Exercise: Recreate the listing that follows line for line, without pictures.

Dataset excerpt:

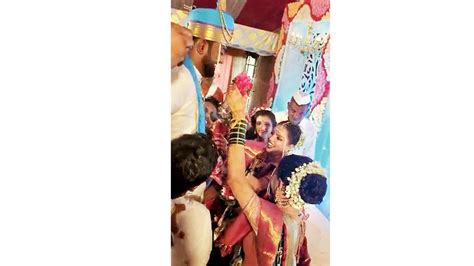 Mumbai Taxi Driver Marries Twin Sisters In Solapur Booked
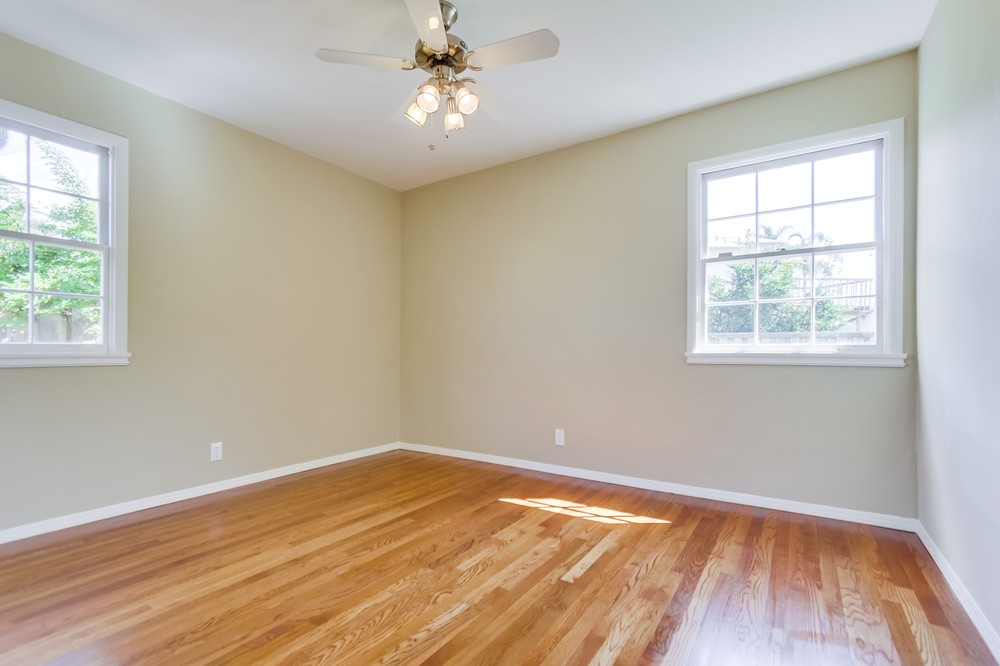 Virtual tour photo 26 of 34 for 5031 Collier Avenue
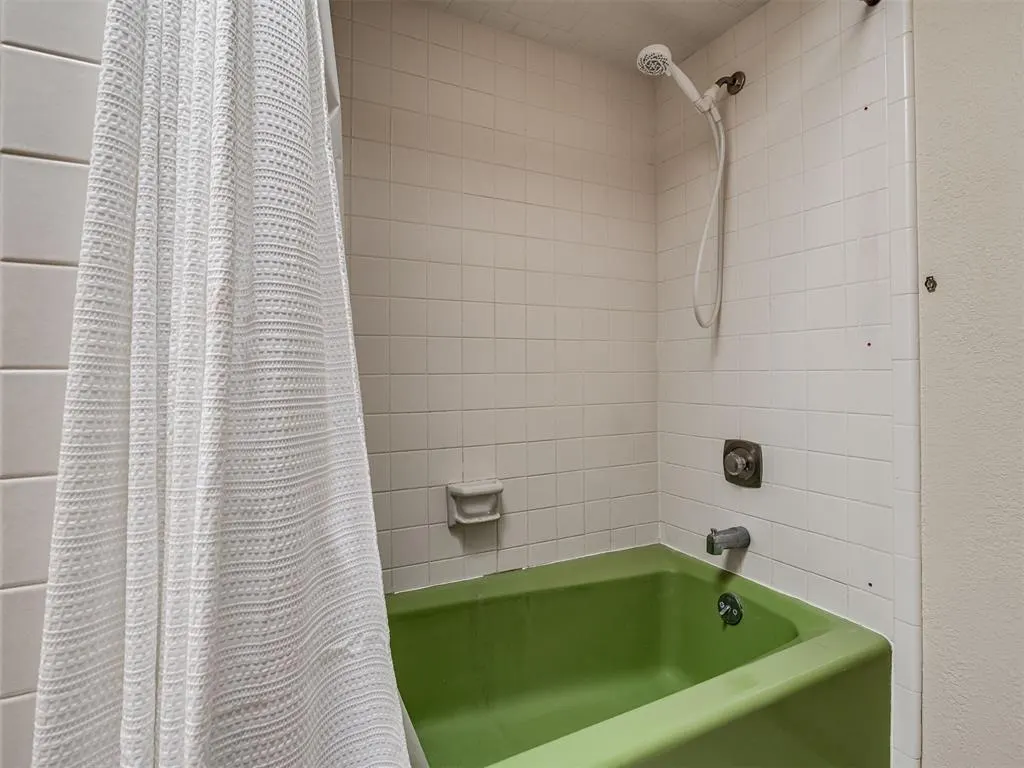Photo 35 — 10604 Admiral Drive, Oklahoma City, OK 73162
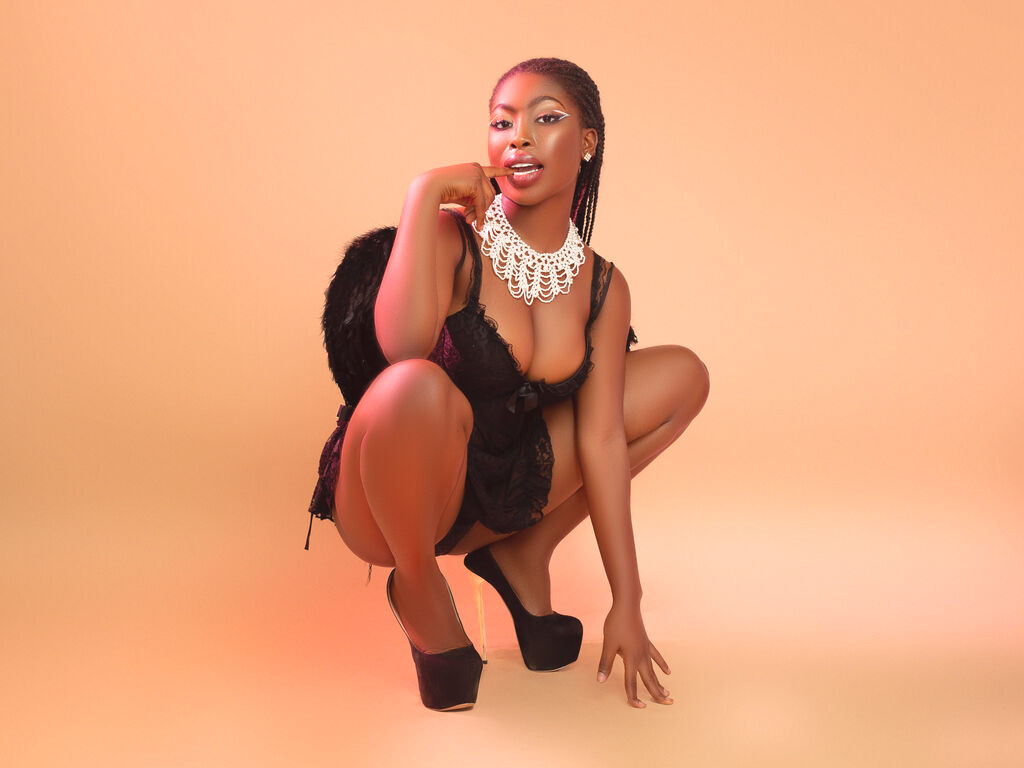 NoaZara Naked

The completed task:
 Mumbai Taxi Driver Marries Twin Sisters In Solapur Booked
 Virtual tour photo 26 of 34 for 5031 Collier Avenue
Photo 35 — 10604 Admiral Drive, Oklahoma City, OK 73162
 NoaZara Naked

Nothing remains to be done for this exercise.